_What you will do_
What you produce should be the lines from the line containing "917 53rd St #5R, Brooklyn, NY 11219" through the last line below, both ends included, reproduced exactly and without pictures.

_Recorded data_
+-------+

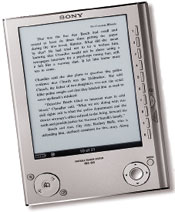 За 300 долл. покупатели получат устройство в серебристом или темно-синем корпусе размером с обычную книгу, которое может вместить в себя до 160 книг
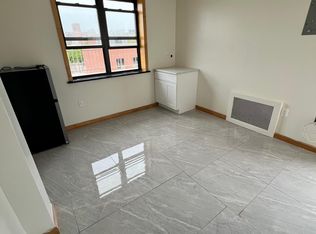 917 53rd St #5R, Brooklyn, NY 11219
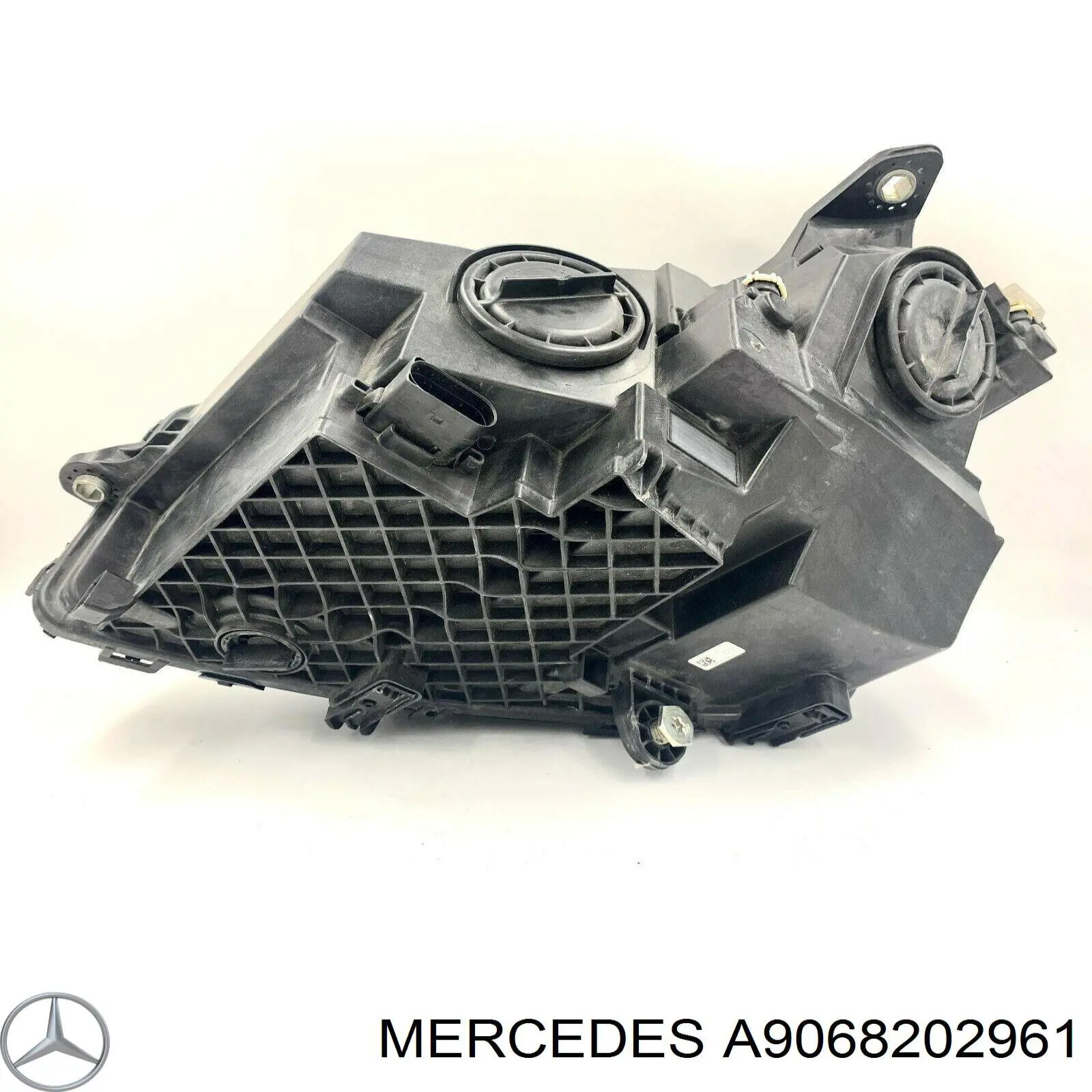 Правая блок фара Mercedes A9068202961 цена, от 316.74 USD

+-------+

_Response to the task_
 917 53rd St #5R, Brooklyn, NY 11219
 Правая блок фара Mercedes A9068202961 цена, от 316.74 USD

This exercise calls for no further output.